Washington received the highest rating in the contest, a five bloom rating. It also was given the highest award in the nation for its urban forestry program.
Each year, Washington in Bloom organizers are given an evaluation form with praise, comments and suggestions from national judges.
Sally Bocklage, WIB co-chair, said the information is “invaluable” and will be used for future improvements.
In general comments, judges noted that “It is an inspiration to witness the level of community involvement your Washington in Bloom efforts have brought forth.”
Judges also applauded the city’s efforts to celebrate agriculture in the Fair and to see agricultural fields within the city limits.
The city was judged in six areas: floral displays, landscaped areas, urban forestry, environmental efforts, heritage preservation and overall impression.
A brief overview of each criteria is below.
Judges said Washington has well-placed floral displays and excellent planters.
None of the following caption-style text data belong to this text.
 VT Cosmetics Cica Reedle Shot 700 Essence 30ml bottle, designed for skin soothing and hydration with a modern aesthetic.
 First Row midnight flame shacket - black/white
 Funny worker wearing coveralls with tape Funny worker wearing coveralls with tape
They called the hanging baskets “terrific” and said the banners add a festive air of celebration.
“Lafayette Park is a gem that is planted and maintained by the Washington Garden Club. The design has all the elements of a well-designed landscape including balance, harmony and diversity,” the evaluation says.
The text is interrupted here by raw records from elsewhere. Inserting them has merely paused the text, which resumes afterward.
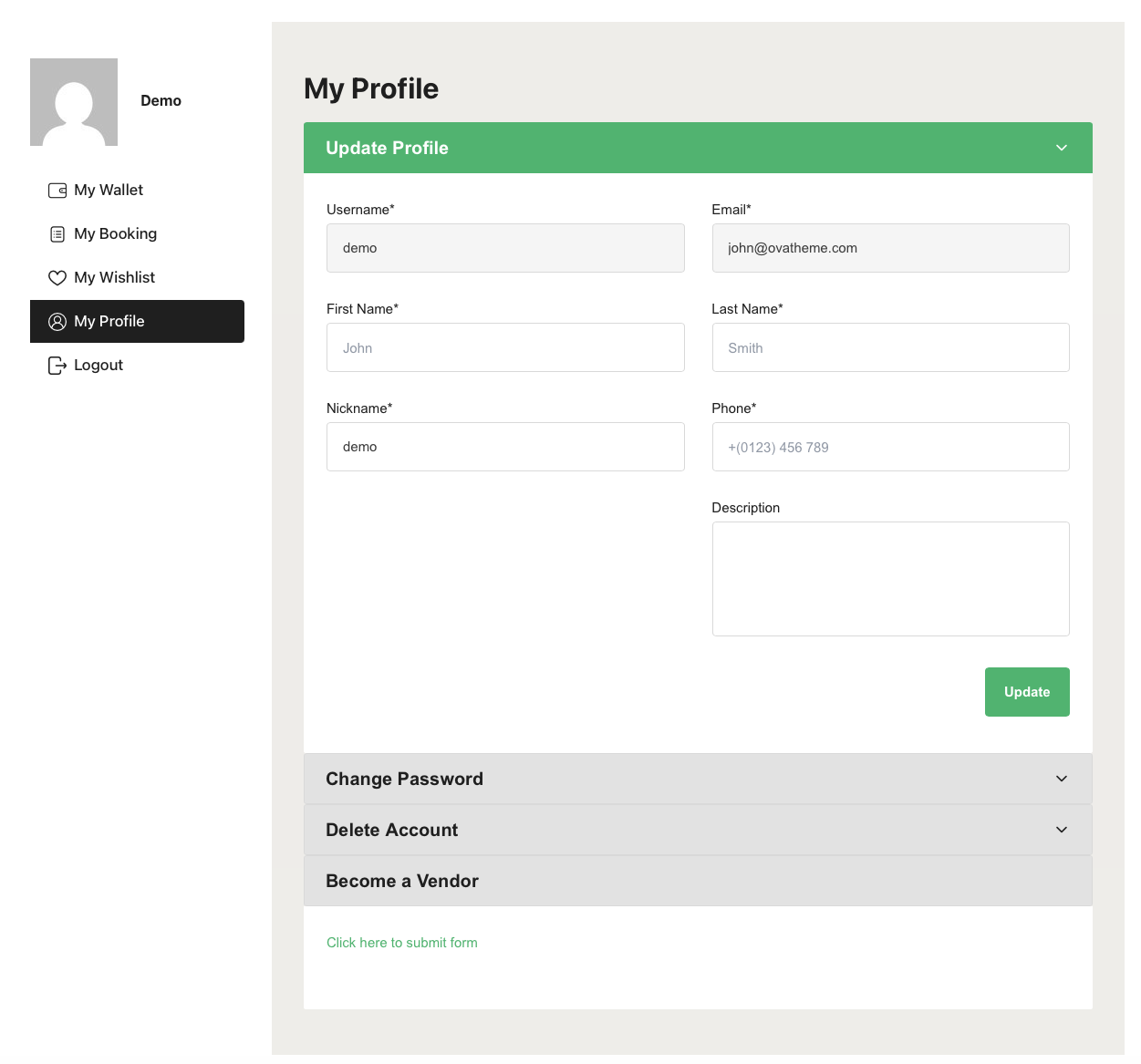 My Profile - bookpro plugin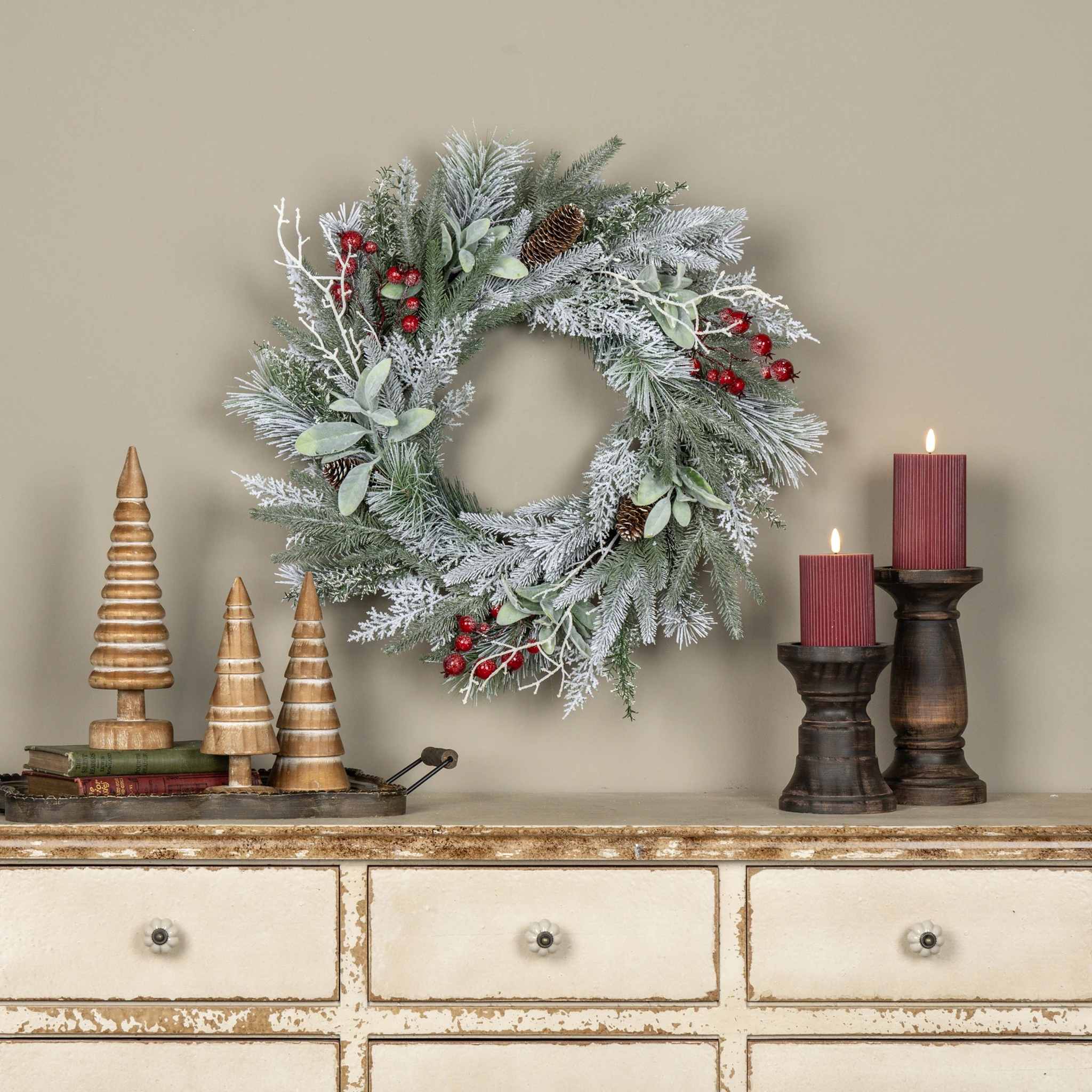 Snow-Covered Pine, Lamb's Ear & Red Berry Wreath, 24"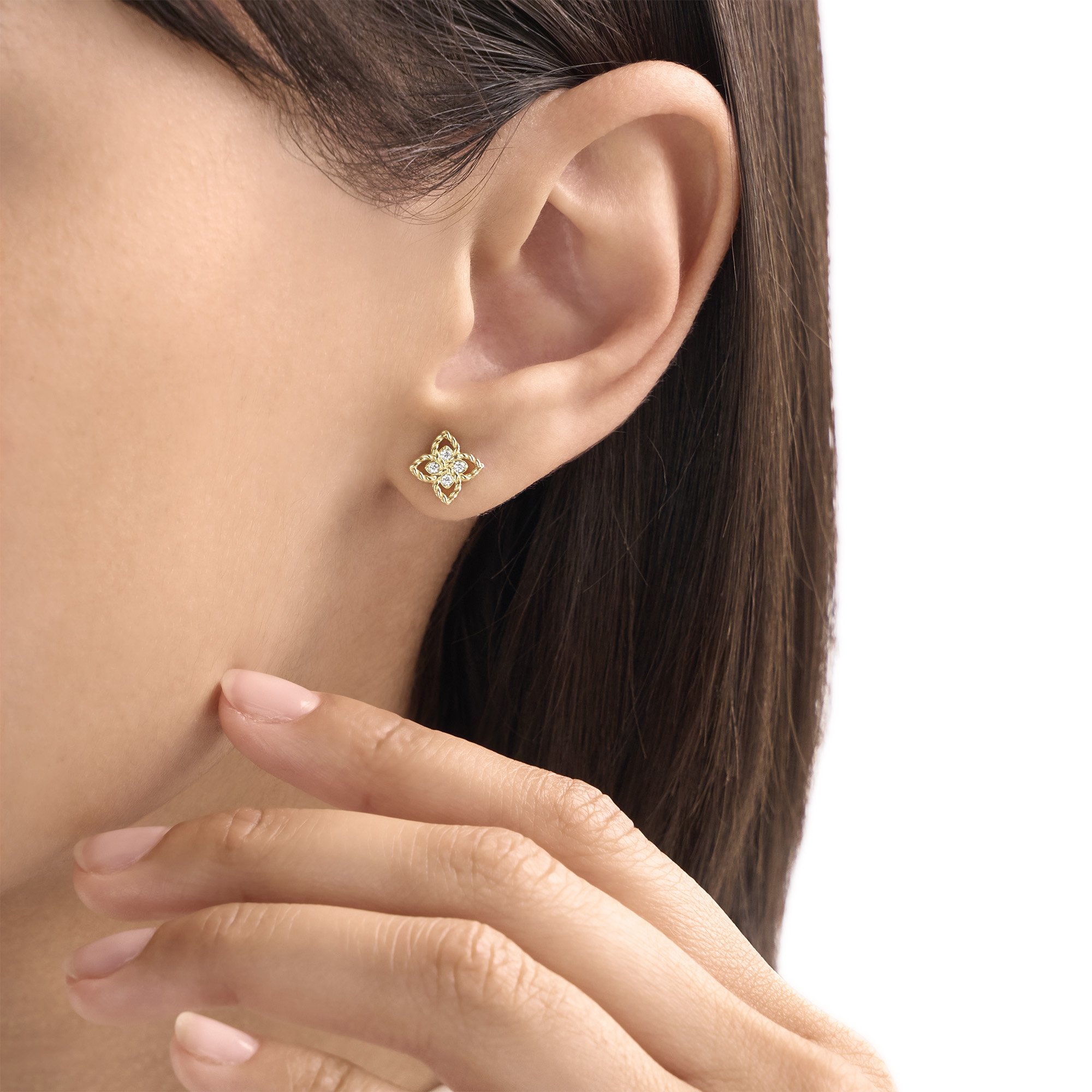 PRINCESS FLOWER EARRINGS FOR CAROUSEL WITH DIAMONDS - Image 3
It suggests that the park be used as a model for other pocket gardens throughout the city.
“Landscaping is the key to the Washington in Bloom group,” the evaluation says. “It has been like a snowball, gaining speed and volume as time goes by.”
The judges commended the overall design and suitability of landscape materials and said projects are outstanding in their use of plant material.
Judges complimented Krog Park and suggested planting some low growing perennials to surround and highlight the main sign at the park.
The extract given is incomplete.